According to the literature I've read that shouldn't be the case. Please explain!
According to several people on StackOverflow Bayesian filtering is better than Neural Networks for detecting spam.
According to the literature I've read that shouldn't be the case. Please explain!
There is no mathematical proof or explanation that can explain why the applications of Neural Networks have not been as good at detecting spam as Bayesian filters. This does not mean that Neural Networks would not produce similar or better results, but the time it would take for one to tweak the Neural Network topology and train it to get even approximately the same results as a Bayesian filter is simply not justified. At the end of the day, people care about results and minimizing the time/effort achieving those results. When it comes to spam detection, Bayesian filters get you the best results with the least amount of effort and time. If the spam detection system using Bayesian filters detects 99% of the spam correctly, then there is very little incentive for people to spend a lot of time adjusting Neural Networks just so they can eek out an extra 0.5% or so.

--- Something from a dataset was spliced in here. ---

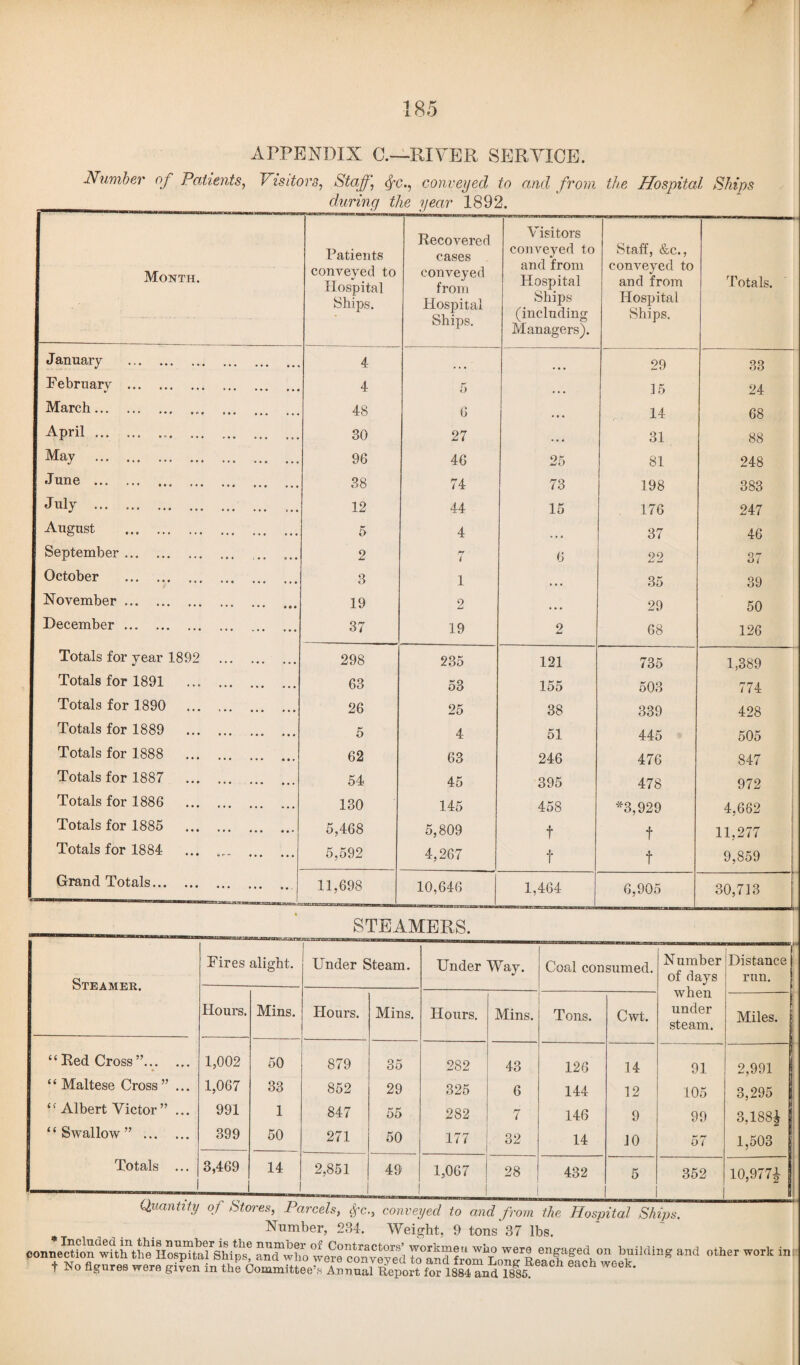 APPENDIX 0.—RIVER SERVICE. Number of Patients, Visitors, Staff, <fc., conveyed to and from the Hospital Ships during the year 1892. Month. Patients conveyed to Hospital Ships. Recovered cases conveyed from Hospital Ships. Visitors conveyed to and from Hospital Ships (including Managers). Staff, &c., conveyed to and from Hospital Ships. Totals. January . . • . ... ,,, 4 29 33 February . . . . • • . • • • 4 5 ... 15 24 March... • ♦ • . • . 48 6 • • • 14 68 April.. ... ... . . . . . • 30 27 ■ • • 31 88 May . ... ... . . . 96 46 25 81 248 June . ... • . • 38 74 73 198 383 July . . . . . » . 12 44 15 176 247 August . . . . . . • 5 4 ... 37 46 September. . . . . • • 2 rr i 6 22 37 October . . • « • • • 3 1 ... 35 39 November. . • . * c • 19 2 29 50 December. ... 37 19 2 68 126 Totals for year 1892 ... ... 298 235 121 735 1,389 Totals for 1891 ... ... . . . ... 63 53 155 503 774 Totals for 1890 ... ... ... 26 25 38 339 428 Totals for 1889 ... ... • « « 5 4 51 445 505 Totals for 1888 ... ... . . . 62 63 246 476 847 Totals for 1887 ... ... ... ... 54 45 395 478 972 Totals for 1886 ... ... ... 130 145 458 *3,929 4,662 Totals for 1885 • • • ... ... 5,468 5,809 t t 11.277 Totals for 1884 ... ... 5,592 4,267 t t 9,859 Grand Totals. ... ... ... 11,698 10,646 1,464 6,905 30,713 STEAMERS. Steamer. Fires alight. Under Steam. Under Way. Coal consumed. Number of days when under steam. Distance run. Hours. Mins. Hours. Mins. Hours. Mins. Tons. Cwt. Miles. | “ Red Cross ”... ... 1,002 50 879 35 282 43 126 14 91 2,991 I “ Maltese Cross ”... 1,067 33 852 29 325 6 144 12 105 3,295 1 £f Albert Victor” ... 991 1 847 55 282 7 146 9 99 3,188£ ‘ ‘ Swallow ” . 399 50 271 50 177 32 14 10 57 1,503 Totals ... 3,469 14 1 2,851 _ 49 1,067 28 432 5 352 10,977^ Number, 234. Weight, 9 tons 37 lbs. Sd5£ w«and other TOk 1 t No figures were given in the Committee’s Annual Report for 1884 and 1885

"According to the literature I've read that shouldn't be the case."
It's technically correct. If properly configured, a Neural Network would get as good or even better results than the Bayesian filters, but its the cost/benefit ratio that makes the difference and ultimately the trend.
Neural Networks works mostly as black box approach. You determine your inputs and outputs. After that finding suitable architecture (2 hidden layer Multi layer perceptron , RBF network etc) is done mostly empirically. There are suggestions for determining architecture but they are, well suggestions. This is good for some problems since we, domain analyst, do not have enough information about problem itself. Ability of NN to find an answer is a wanted thing.
Bayesian Network is on the other hand is designed mostly by domain analyst. Since spam classification is a well known problem, a domain analyst can tweak architecture more easily. Bayesian network would get better results more easily in this way.
Also most NNs are not very good with changing features therefore almost always need to be RE-trained, an expensive operation. Bayesian network on the other hand may only change probabilities.